Problem:
Below are some records. How many of their lines contain the string "Building"? Give the number only.

Exercise data:
_ _ _
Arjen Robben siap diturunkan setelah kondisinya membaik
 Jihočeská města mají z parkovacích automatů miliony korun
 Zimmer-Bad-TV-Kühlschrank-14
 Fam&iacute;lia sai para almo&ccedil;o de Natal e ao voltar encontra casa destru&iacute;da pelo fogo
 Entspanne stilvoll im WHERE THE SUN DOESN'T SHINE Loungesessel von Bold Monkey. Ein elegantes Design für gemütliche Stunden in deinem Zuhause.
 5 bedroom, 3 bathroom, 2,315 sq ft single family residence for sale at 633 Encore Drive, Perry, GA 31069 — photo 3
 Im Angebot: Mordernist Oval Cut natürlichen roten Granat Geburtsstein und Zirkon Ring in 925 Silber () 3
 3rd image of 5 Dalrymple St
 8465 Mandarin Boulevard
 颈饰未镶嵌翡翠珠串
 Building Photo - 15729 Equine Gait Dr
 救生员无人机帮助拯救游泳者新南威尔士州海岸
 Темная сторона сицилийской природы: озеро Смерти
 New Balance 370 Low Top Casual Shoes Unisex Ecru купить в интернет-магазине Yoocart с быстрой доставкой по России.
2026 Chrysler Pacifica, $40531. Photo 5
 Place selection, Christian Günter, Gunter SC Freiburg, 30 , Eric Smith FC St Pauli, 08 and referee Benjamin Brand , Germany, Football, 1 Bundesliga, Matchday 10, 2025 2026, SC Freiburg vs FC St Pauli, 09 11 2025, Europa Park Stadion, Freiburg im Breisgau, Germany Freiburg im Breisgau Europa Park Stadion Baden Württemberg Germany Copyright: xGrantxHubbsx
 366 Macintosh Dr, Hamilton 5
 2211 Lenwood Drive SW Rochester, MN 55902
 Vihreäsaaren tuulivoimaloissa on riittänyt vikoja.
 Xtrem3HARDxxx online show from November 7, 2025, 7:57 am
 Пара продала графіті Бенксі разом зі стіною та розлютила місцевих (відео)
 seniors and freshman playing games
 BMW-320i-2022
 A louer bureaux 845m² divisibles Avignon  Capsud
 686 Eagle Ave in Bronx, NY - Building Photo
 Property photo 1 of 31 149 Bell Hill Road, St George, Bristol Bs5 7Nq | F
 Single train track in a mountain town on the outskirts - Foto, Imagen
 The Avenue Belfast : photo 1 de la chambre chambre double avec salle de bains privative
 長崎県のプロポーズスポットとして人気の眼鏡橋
_ _ _
Solution:
2